We’re planning on a trip to Arizona this year, to see the Grand Canyon and sundry attractions. If we’re ambitious, we may drift across the New Mexico border to see Los Alamos and Santa Fe. Roswell is vaguely tempting, but I can’t believe it amounts to anything like what I wish it were.

The job of finding interesting places to go falls to me. This is somewhat tricky, since Arizona is a big desert, when you get right down to it. Geography they have in spades; urban attractions like restaurants and museums, not so much. The big population centers—Tucson, Phoenix, Santa Fe—only number a couple hundred thousand people. Hardly trackless wilderness, but nothing like a metropolis, either. These regional centers are comparable to large suburbs around L.A., Chicago, and NYC. Speaking of suburbs, the population difference is sharpened by the absence of suburbs in the desert. Newark may be no larger than Tucson, but it can draw on shoppers and audiences from a dozen neighbors; Tucson’s market ends at the city borders. Without the sheer numbers to support many cultural attractions, Arizona’s tourist bureau relies on geography.

All this demography has me thinking about the great cities of the past, and how size is always relative.
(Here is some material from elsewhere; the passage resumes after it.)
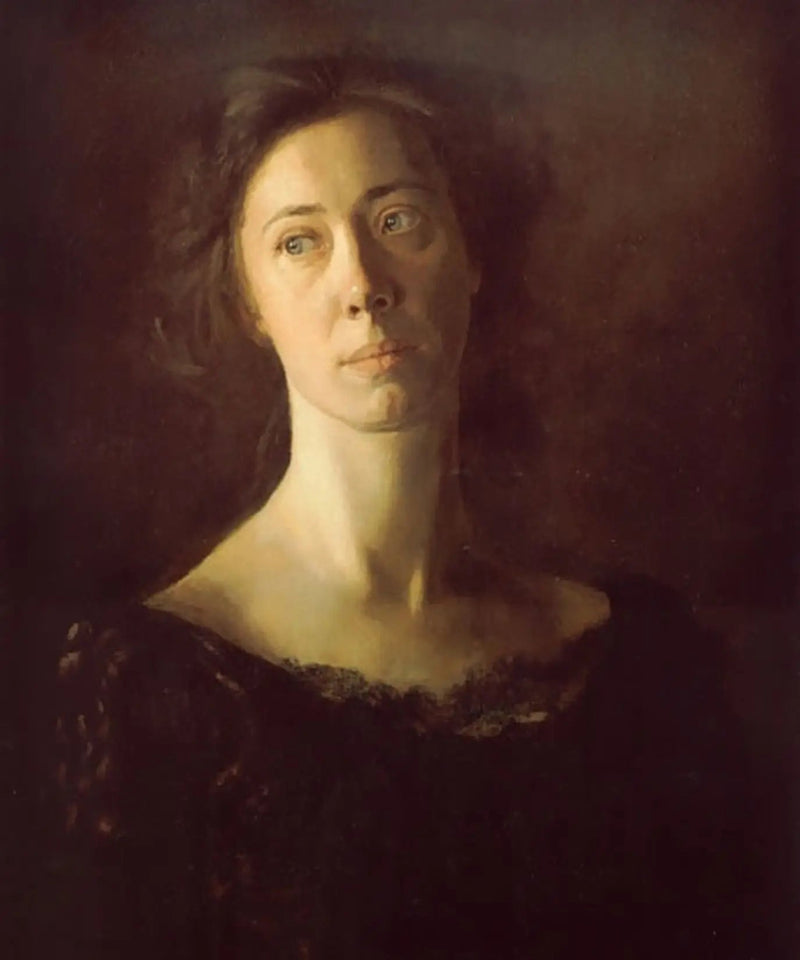 クララ - トーマス・エイキンス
At their respective peaks in ancient times, Rome and Baghdad and Chang’An got above a million residents. Urban centers in medieval Europe didn’t even get that far. Nevertheless, they were the biggest population centers people had ever seen, and supported marvels that couldn’t be found anywhere else. Travelers passed on tales of these wonders. Sometimes these tales were preserved for us in the writings of people who had seen them, sometimes they grew by way of rumor to ridiculous claims, but either way, we remember ancient cities as places of wonder.
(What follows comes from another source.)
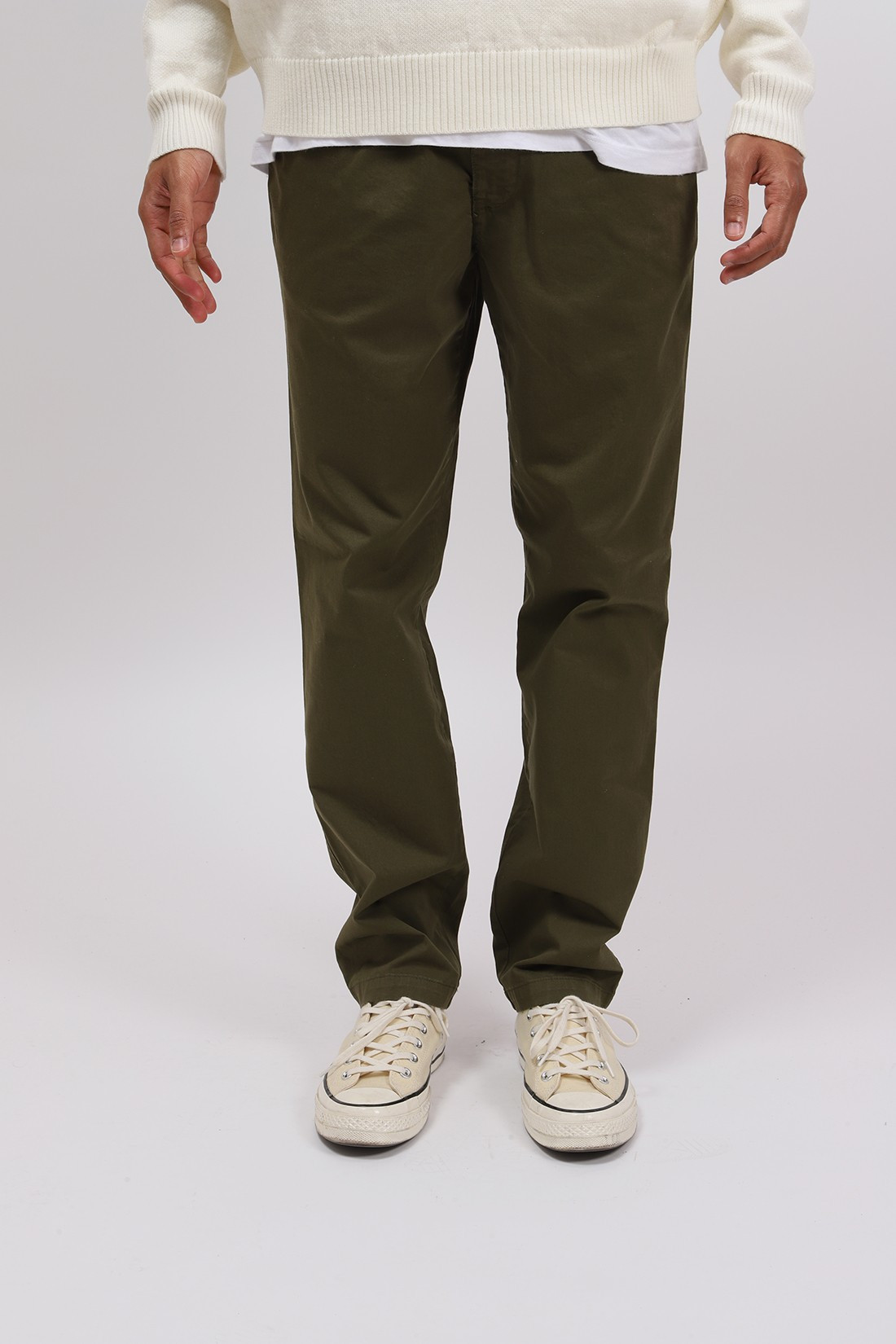 BARENA / Pantalone bragola Militare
But think about it again, without the perspective of historical significance or making allowances for primitive technology and institutions, as a not-especially-precocious kid today might. Imagine stopping overnight in Babylon as it existed at the dawn of history: buildings of clay, because clay and stone were all they had to build with, and it cost too much to ship in wood. The buildings sag, from inadequate support, because the bricks aren’t quite uniform, and because cheap clay slowly melts away in the occasional rains. No quality restaurants: everybody eats bread—coarse, unleavened bread—and, if they’re lucky, vegetables or a scrap of meat. The water is murky, the beer and wine crude and amateurish by our standards. Roads aren’t paved. No sanitation to speak of, or, for that matter, proper toilets. Everyone wears the same outfits of coarse wool, or, if they’re lucky, linen. The celebrated Hanging Gardens are remarkable only because there aren’t any other sizeable floral gardens in the city; people need that space for vegetable plots. The central palace/temple is done up with a bit of gold and paint, but everything else is a uniform sun-baked ash brown. Nightlife is non-existent, because the lights go out when the sun goes down.
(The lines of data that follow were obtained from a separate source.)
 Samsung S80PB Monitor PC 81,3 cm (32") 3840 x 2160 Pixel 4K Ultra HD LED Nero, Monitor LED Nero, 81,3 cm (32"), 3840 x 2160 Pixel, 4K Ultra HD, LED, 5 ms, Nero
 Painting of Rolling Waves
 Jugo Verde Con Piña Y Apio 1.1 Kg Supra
What a dump! On returning from your 7-day, 6-night cruise, you’d describe the place as a seedy, boring place you passed through on your way to more exotic locations.

The whole process scales downward, too; roadside farm towns in Nebraska, with a diner, a video store, and a video game in the gas station sparkle in comparison to backwater farm towns in medieval France, which had el zippo for tourists—or residents, for that matter.

Chances are good that we’ll spend a night or two in some dull spots on our vacation: a motel next to a T.G.I. Friday’s, or a town that closes up at 7. That’s okay; a bit of quiet meditation is part of a good vacation. But if the times between Grand Canyon and the Crater get to be too much, I’ll remind myself of ancient Babylon, and count my blessings.